Trees and Tones - Wooden Instrument Traditions: Sitars and Tamburas

Presentation | November 11 | 4-6:30 p.m. |  UC Botanical Garden

 Botanical Garden

Learn all about sitars and tamburas with instrument maker J. Scott Hackleman. For over 40 years Scott has been studying sitar, travelling to India, and making and repairing hundreds of Indian instruments for artists such as Ravi Shankar and institutions such as Cal Arts. Discover the woods used to make these instruments such as Tun (Toona ciliata), Sheesham (Dalbergia sisoo), and Ebony (Diospyros ebenum). Additionally, gourds will be discussed. This will be followed by and interspersed with a sitar, tambura, and tabla performance by Joanna Mack (sitar) and Ferhan Quereshi (tabla).

Scott Hackleman has been working on the classical musical instruments of India for more than 40 years.
He started studying sitar in 1969. When he began formal study in 1974 with Amiya Dasgupta, a disciple of Ravi Shankar, he was introduced to sitar repair and jawari when staying after his lessons and sitting with Amiya's friend Nodu Mullick (the man attributed with building Ravi Shankar's sitar). He received a Bachelor of Fine Arts degree in Sitar Performance from California Institute of the Arts in 1985. In 1987 he was awarded a grant from the American Institute of Indian Studies, funded through the Smithsonian and sponsored by Ravi Shankar, to live in India and document his apprenticeship with a master instrument maker there. It was at that time he studied with Kartar Chand in Paharganj and sat with Murari Adhikari in Kolkata. A brief summary of this experience was published in the Journal of the Guild of American Luthiers, Number 67, Fall 2002. He has worked on hundreds of sitars and other Indian instruments since returning from India and continues to develop his skills not only in repair and set-up, but in building these instruments as well. He has worked on the instruments of many professional musicians, teachers, students and organizations over the years including Ravi Shankar, Shubho Shankar, Ry Cooder, Paul Livingstone, UCLA, UCSB, CalArts, Pomona College and SRF to name a few.
From his shop in Point Roberts, Washington, Scott builds custom bespoke musical instruments, with a particular focus on the Personal Tambura, repairs & services Indian Classical instruments sent to him from all over the continent and makes regular trips to California to service the sitars of UCLA, UCSB and others.

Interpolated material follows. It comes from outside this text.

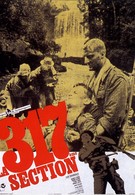 317-й взвод (1965)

Joanna Mack began her pursuit of Classical North Indian Music in 1997. While studying Neuroscience at UCSD, she attended a Classical Indian Music class with sitar virtuoso Kartik Seshadri, a senior disciple of Pandit Ravi Shankar of the Maihar Gharana. She had been involved in Western music since childhood but was immediately drawn to Indian music. Recognizing Joanna's inherent talent and drive, Kartikji recommended her to study in Kolkata under the now late Pandit Deepak Choudhury, also a senior disciple of renowned musician Pandit Ravi Shankar. That year, Joanna traveled to India where she fully devoted herself to the pursuit of Indian Classical Music under the guidance of Deepakji. She continued her studies with him in Kolkata from 1997 through 2005.

Joanna then returned to the United States, promising Deepakji that her dedication to learn would not falter and that she would accept the responsibility to teach the traditional values and ideas of the Maihar Gharana. Joanna is fulfilling that promise today. She teaches private and group classes and performs in a variety of venues. She was fortunate to be able to study under the now late Ustad Ali Akbar Khan and continues her studies with sarodia Bruce Hamm at the Ali Akbar Khan College of Music in San Rafael and master classes with sitarist Sri Partha Chatterjee.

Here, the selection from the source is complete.